In some cases, you can say “straight” or “straight-up” instead of “neat,” but those terms have other meanings as well. (For example, a martini straight up is a chilled martini.) It’s generally best to use “neat” and avoid confusion.
What does “on the rocks” mean?
A whisky served “on the rocks” just means it’s poured over ice. This is an excellent serving method if you want to take the edge of your whisky and making it smooth to sip.
It’s also a great way to bring out some of the subtler flavors hiding in the background.
You can vary the amount of ice from “heavy on the rocks” to “just one rock.”
And some bars will serve your whisky over a giant rock, which is slower to melt and doesn’t dilute your whisky as quickly.
Can you serve whisky with food?
Absolutely. As with wine, whisky pairs well with food, but you need to match up certain flavor profiles. Lighter, fruitier whiskeys pair better with fish or chicken or even pork. Heaver, richer whiskeys pair well with steaks or sausages.
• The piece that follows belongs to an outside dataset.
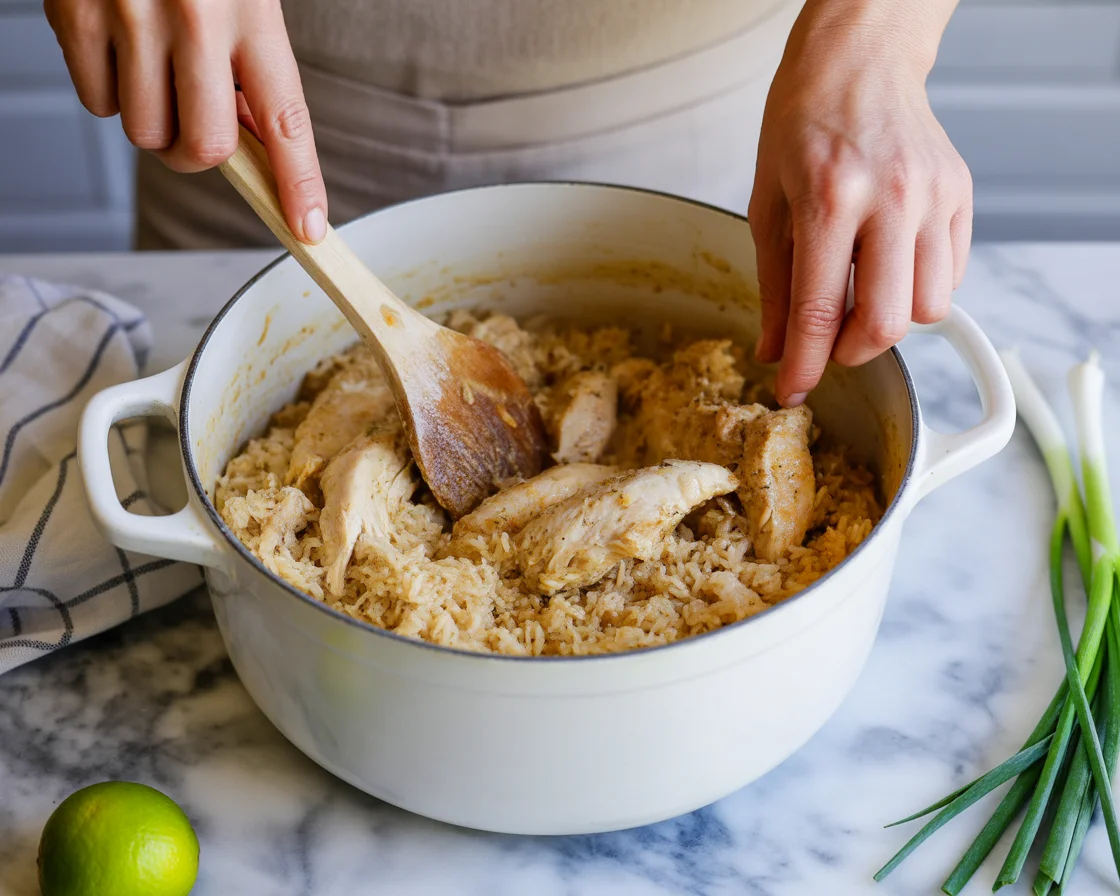 Savory One-Pot Coconut Chicken & Rice: A Quick and Easy Dinner Solution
Should you serve whisky chilled?
Generally, no. Don’t chill whole bottles of whisky.
The subtle flavor profiles in whisky require it to be stored at room temperature.
However, you can serve it over ice! Cooling the whisky in your glass is one way to reduce the strength of the alcohol. Water also brings out and highlights certain flavors that you can miss when you drink it neat!